Kur'an-ı Kerim ve Türkçe Meali Sayfa 86
45. Ve Allah Teâlâ sizin düşmanlarınızı daha ziyâde bilicidir. Ve Allah Teâlâ bir velî olarak kâfidir. Ve Allah Teâlâ bir yardımcı olarak da kâfidir.
46. O Yahudi olanlardan ki, kelimeleri yerlerinden tebdîl ederler ve dillerini eğerek ve dine dokunarak, «İşittik ve isyan ettik, işit, işitmez olası ve râina,» derler. Ve eğer onlar «İşittik ve itaat ettik ve işit ve bize nazar et» deselerdi elbette onlar için hayırlı ve ziyâde dürüst olurdu. Velâkin Allah Teâlâ onlara küfürleri sebebiyle lânet etmiştir. Artık pek az müstesna olmak üzere onlar imân etmezler.
47. Ey kendilerine kitap verilmiş olanlar! Sizin beraberinizde bulunanı musaddık olarak indirmiş olduğumuza imân ediniz, Biz birtakım yüzleri silip de enselerine çevirmemizden veya Ashâb-ı Sebt'e lânet ettiğimiz gibi onlara lânet etmemizden evvel. Ve Allah Teâlâ'nın emri, vaki bulunmaktadır.
48. Şüphe yok ki Allah Teâlâ, zât-ı ulûhiyetine şerik ittihaz edilmesini yarlığamaz.

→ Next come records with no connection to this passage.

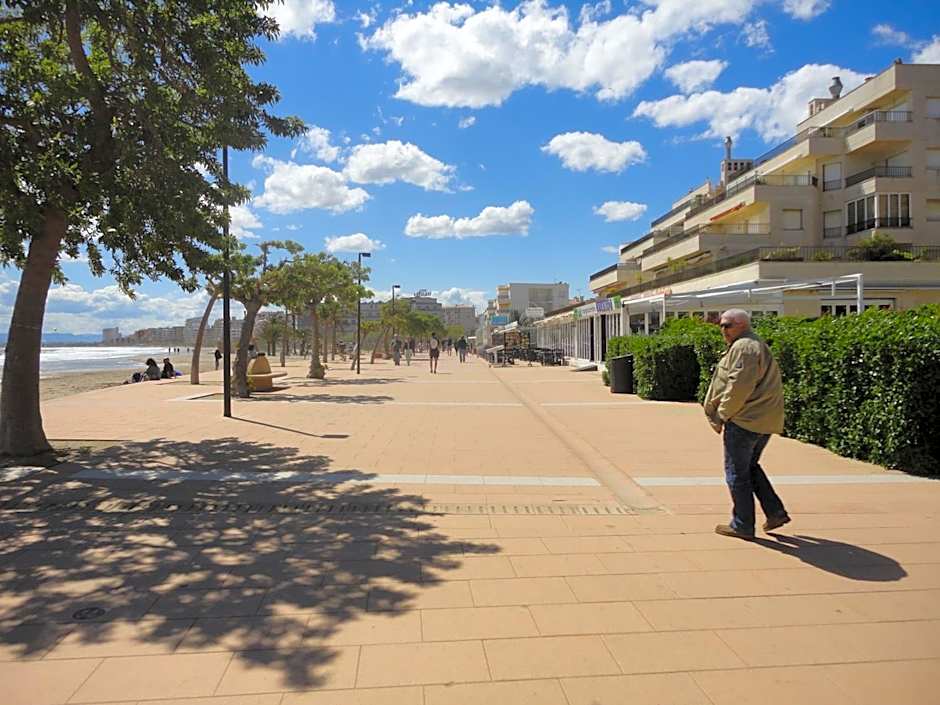 Aparthotel Els Molins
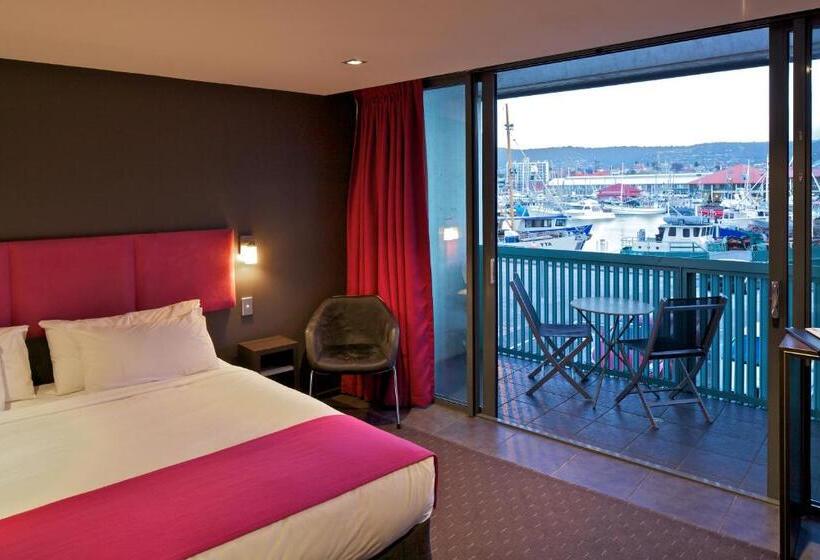 استودیو استاندارد با چشم‌انداز, Zero Davey Boutique Apartment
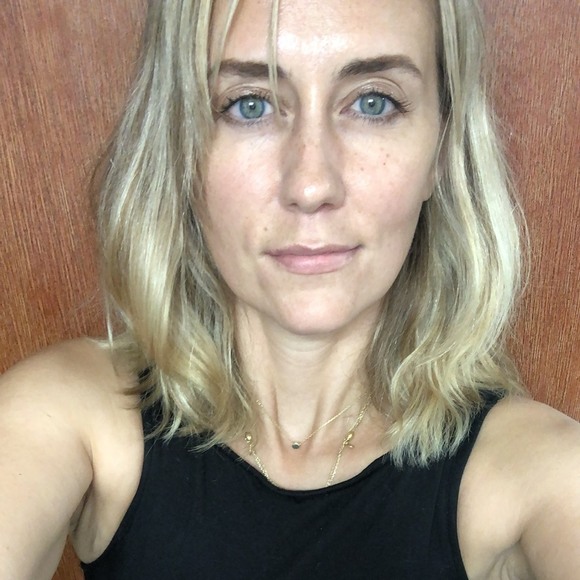 Profile Picture of Karina Leonis (@karinaleonis) on Poshmark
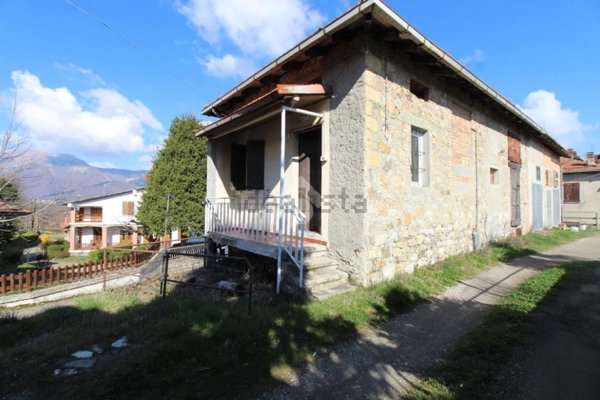 casa indipendente in vendita a Villa Minozzo in zona Sologno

Onun dûnunda olanı da dilediği kimse için yarlığar ve her kim Allah Teâlâ'ya şerik koşarsa muhakkak pek büyük bir günah ile iftirada bulunmuş olur.
49. Bakmadın mı o kimselere ki, nefislerini tezkiye eder dururlar. Belki Allah Teâlâ dilediğini tezkiye eder ve kıl kadar zulüm edilmezler.
50. Bak Allah Teâlâ'ya karşı nasıl yalan uyduruyorlar. Bu açık bir günah olmak için kâfidir.
51. Görmedin mi o kendilerine kitaptan bir nâsip verilmiş kimseleri ki, Cibt ve Tâğût'a imân ediyorlar ve kâfirler için, «Bunlar mü'minlerden daha doğru bir yoldadırlar,» deyiveriyorlar.